Прощай, мой государь! Передо мной Открыт весь мир, закрыт лишь край родной! Нет, в самом деле, и я не верю, что мир теперь мне недоступен! Но хотя передо мной открыто множество дорог, одна из них закрыта навеки – тот путь, что ведет в Сараево, на его Главную улицу У каждого человека внутри есть тепленькое местечко, хотя зачастую мы этого даже не осознаем. Без такого внутреннего оазиса – назовем его так за недостатком более точного определения – чего-то вроде сгустившейся ауры, мы превращаемся в мертвые тела, которые весьма часто добиваются успехов в повседневной жизни. Теплое прибежище спасает нас от пресыщенности; к нему мы прибегаем в поисках убежища и повода начать в жизни нечто новое, оно дает нам надежду и делает нас действительно живыми и добрыми. Может быть, это тлеющее чувство надежды из тех давних целомудренных времен, когда мы стремились к широким просторам непознанного, лепили картину мира из обрывков книжных листов и рукописей, рассказывавших о нем, или из уже забытой любви к кому-то, в кого были безутешно влюблены, а в ответ не получили ничего, или это было просто возбуждение, которое охватывает, когда приближаешься к родному городу и стук колес дружно согласовывается с ритмом ударов сердца? Сегодня, став взрослыми людьми, мы входим в самые прекрасные города с досадным чувством повторяющейся скуки. А может, наше сердце взыграло, если бы мы приблизились к родному городу? Может быть, мы ожили бы вновь? Потерять Сараево – город, который не похож ни на какой другой, означает погубить то самое теплое потаенное местечко в себе, превратившееся теперь в воспоминание, день ото дня теряющее неясные очертания. Если кто-то заработал в Сараево большие деньги и потерял их в новом великом переселении, но душой не сросшийся с этим городом, приобретет новое богатство в любом другом месте, потому как прав народ: «У кого есть, у того и будет!». Но те, у кого нет ничего, кроме этого живого клубка Ариадны, астральной нити с началом в Сараево, спасавшей их, помогая не затеряться в роскоши земного шара, никогда более не смогут найти в себе иное место, которое прибавило бы им сил, чтобы пережить трагедию.
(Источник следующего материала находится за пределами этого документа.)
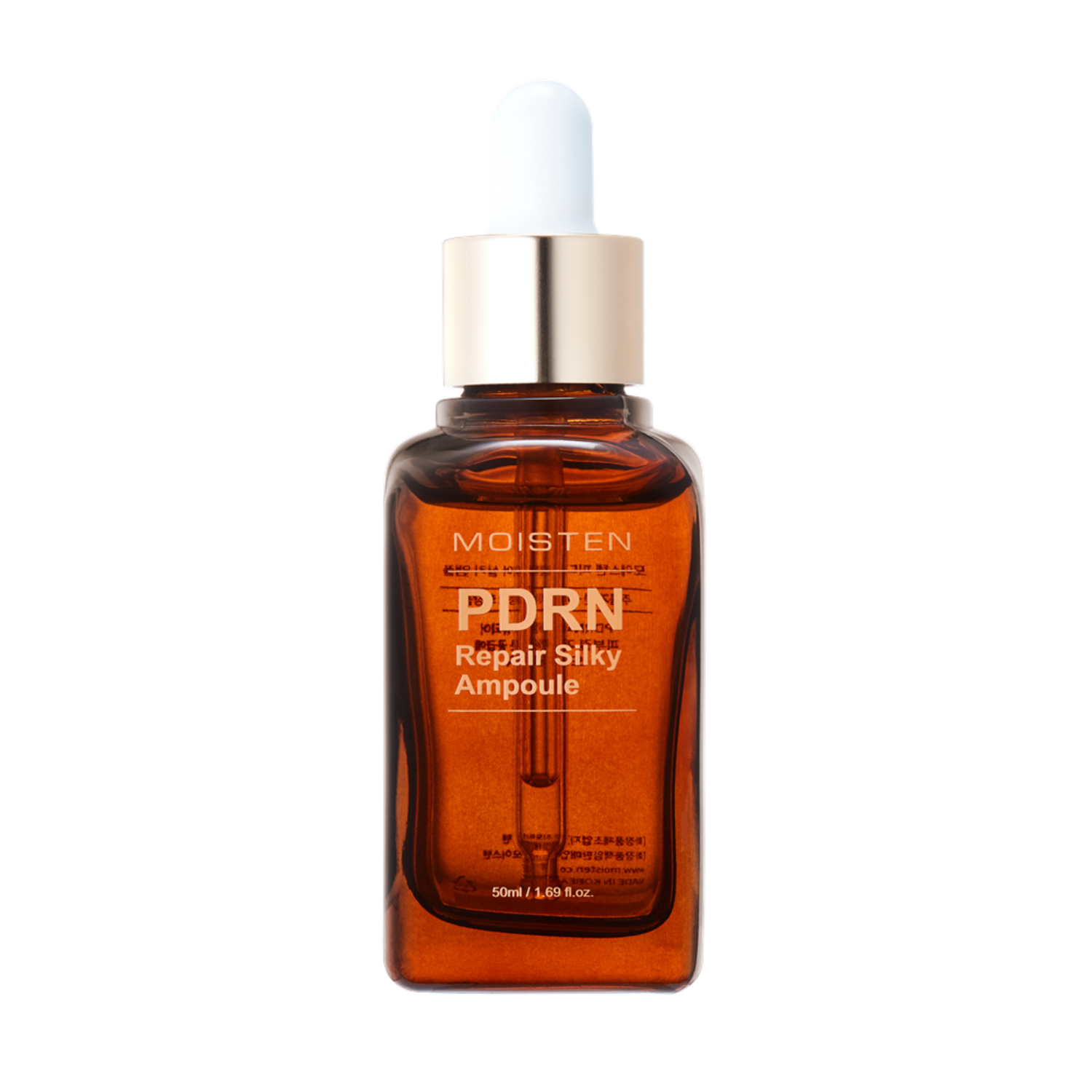 Moisten PDRN Revitalizing Ampoule in a sleek bottle for skin repair and hydration.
Один боец, бывший таксист, вынужденный бежать из сербского квартала Сараево, защищавший его до самого приказа отступить, смотрит на свой город с далекого холма, на который вынужден был подняться, и говорит: «Хочется мне обвешаться гранатами, сесть в машину и спуститься вниз, и пусть будет, что будет!»
В этом так просто высказанном желании кроются чувства многих изгнанников, которые они не могут выразить: желание пусть даже ценой смерти соединиться со своей любовью.
И хотя я уже четверть века не ступал на тротуар Главной улицы, каждую трещинку которого и новые асфальтовые заплаты я знал наизусть, мне все еще кажется, что все авеню и бульвары прочих городов мира я измеряю ею, как палочкой для игры в «чижика».
Ни красотой, ни длиной она не превосходит окраинные улицы провинциальных городов Центральной Европы, таких, как Грац, Сегедин или Любляна; те же темно-серые фасады австровенгерских строений, на которых громоздятся сецессионные украшения, гирлянды и венки, все тот же тяжелый дух приправ и жалкого существования в мрачных подъездах с потрескавшейся черно-белой плиткой и в квартирах новостроек, которые вполне сравнимы по бездарности создавшей их архитектурной мысли.
И все же я зеваю от скуки, прогуливаясь по нью-йоркской Пятой авеню или по Елисейским Полям, не имея возможности выкинуть из головы Главную улицу, потому что в нее через подметки, которыми я мерил ее, прокралась магия старого тротуара.